A Writer’s Diary Entries From Late April, 1997

by Richard Grayson

Tuesday, April 22, 1997

4 PM. I couldn’t sleep last night, so I got online with Delphi and went to the New York Times website to see if they printed my letter. Yesterday I’d gotten a call saying they were considering it.

It was an e-mailed response to an op-ed piece on Sunday by Sean Wilentz, the Princeton historian, decrying “social studies” and its thematic approach rather than teaching public school students under rigorous history standards.

My brief letter noted that the social studies movement isn’t incompatible with thoughtful teaching of history and that “thirty years ago, when Mr. Wilentz and I were students at Brooklyn’s Midwood High School, we learned our history lessons in rigorous classes that were known to faculty and students only as social studies.”

Now that I’ve learned that the Times accepts only 2% of the letters it receives, I feel even better about getting published.

Okay, my letter is a little self-serving, injecting myself into the debate and having the temerity to remind the famous scholar that we both went to high school together.

(In homeroom, he was always “Robert,” not Sean, though I don’t think we said two words to each other back then We didn’t talk until he’d see me hanging out with other writers at his father’s bookstore seven or eight years later.)

Probably few people will pick out my name, and it doesn’t have the Center for Governmental Responsibility staff attorney tag like the last letters did, but at least somebody will see it.

A letter in the New York Times is almost like a column in the Gainesville Sun; actually, it’s probably harder to get published in the Times.

It also cheers me up that in the past ten days, even though I’m moving, I’ve managed to get my ideas across in three different newspapers. That means my life isn’t so discontinuous.

Up at 7 AM, I went out right away to get the paper at the law school; after bringing home some groceries at Publix, I made copies of the letter.

Last evening I read The Nation’s issue on the publishing industry: it was pretty depressing stuff, but nothing I wasn’t already aware of. The articles seem to indicate that even the Barnes & Noble/Borders superstore war would end with an implosion. What then?

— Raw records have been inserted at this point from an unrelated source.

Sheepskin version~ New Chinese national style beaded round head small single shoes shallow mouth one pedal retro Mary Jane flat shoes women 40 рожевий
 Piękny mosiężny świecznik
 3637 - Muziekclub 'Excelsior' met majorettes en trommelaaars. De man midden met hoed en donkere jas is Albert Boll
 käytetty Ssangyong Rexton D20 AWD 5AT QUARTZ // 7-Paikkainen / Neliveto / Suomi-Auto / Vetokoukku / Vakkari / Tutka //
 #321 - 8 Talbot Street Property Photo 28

I called the Florida Unemployment Claims Information Center, and after keying in my Social Security number and my PIN, I learned that my benefits year began on April 13, that I’ll get the maximum $250 a week for a total of $6,500 over 26 weeks or however long it is that the $6,500 holds out.

Because of low unemployment rates, Florida’s insurance fund currently has a big surplus and next year they’re raising the weekly maximum to $275.

Well, at least I know that at the very worst, I’ve got $10,000 coming in over the next six months, assuming I net $3,500 from the Nova check.

*

11 PM. I got home from teaching not too long ago. I had said that I’d stay until 10 PM or whenever the last student finished the exam, and of course I had one perfectionist in the class. I practically had to grab the paper from her at 10 PM.

When he handed in his paper, Paul, the prison guard with the impenetrable Southern accent, said he would miss me as a teacher “because we speak the same language.” That made me feel good – even if I’m not sure it’s literally true.

Tomorrow evening in Ocala, I’ll skip my hour-long lecture and discussion on public speaking – or at least considerably shorten it – so I can get home at a reasonable hour.

I just read a sweet e-mail response to my earlier letter to Kevin. He gets depressed sometimes about his job (I probably shouldn’t have told him how much money I made), his acting “non-career,” and his lack of a social life; I’ve got to stay in touch with Kevin because I really care about him.

Earlier, I made the mistake of calling my parents’ home while they were gone. Jonathan answered the phone, and to my “How are you?”, he replied, “Not great,”

I was worried that he was ill, but he said it was “what was going on at home.”

When I asked him what that meant, he said Dad’s being unemployed and money being desperate and everyone fighting.

“You’d probably be better off not coming here,” he said.

I told him I had to come there, but I wouldn’t be staying long, and I said that they’d all have to adjust to a different lifestyle.

I know Dad must be depressed and they’re all upset, but I wish they could see the changes they’re going to have to make as a blessing in disguise.

At first, I got depressed myself after the phone call. What am I letting myself in for? I thought.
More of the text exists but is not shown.